(Input data)
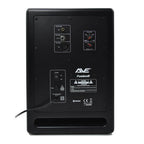 AVE Fusion 8 studio monitor speaker in black, showing the 8-inch driver and sleek design for professional audio monitoring.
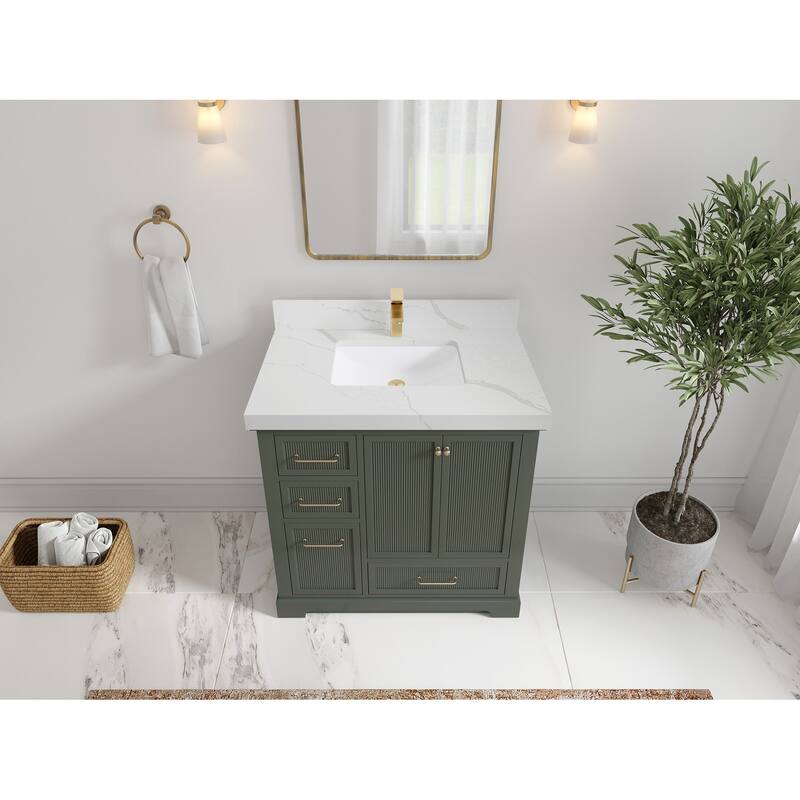 Willow Collections 36 in. W x 22 in. D Alys Center Sink Right Bathroom Vanity with Countertop - 2"Calacatta Laza - Pewtergreen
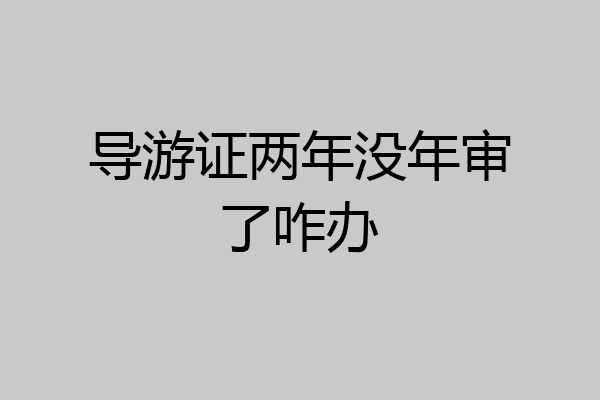 导游证两年没年审了咋办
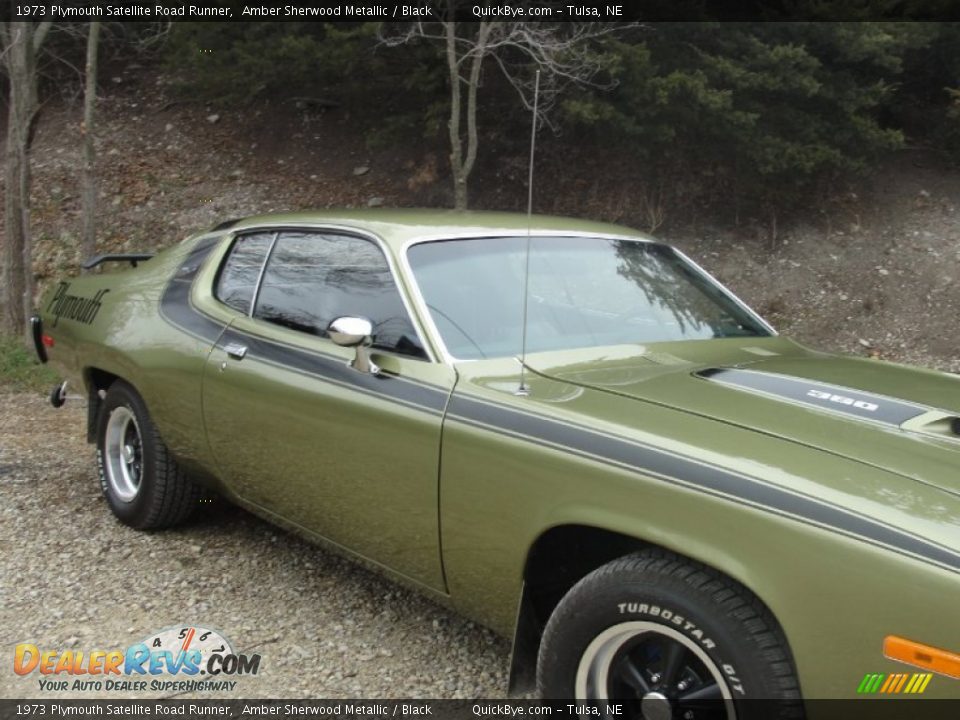 1973 Plymouth Satellite Road Runner Amber Sherwood Metallic / Black Photo #11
(End Input data)
- **Task prompt**
Word for word, write out the full listing, leaving the pictures aside.

- **Exercise response**
 AVE Fusion 8 studio monitor speaker in black, showing the 8-inch driver and sleek design for professional audio monitoring.
 Willow Collections 36 in. W x 22 in. D Alys Center Sink Right Bathroom Vanity with Countertop - 2"Calacatta Laza - Pewtergreen
 导游证两年没年审了咋办
 1973 Plymouth Satellite Road Runner Amber Sherwood Metallic / Black Photo #11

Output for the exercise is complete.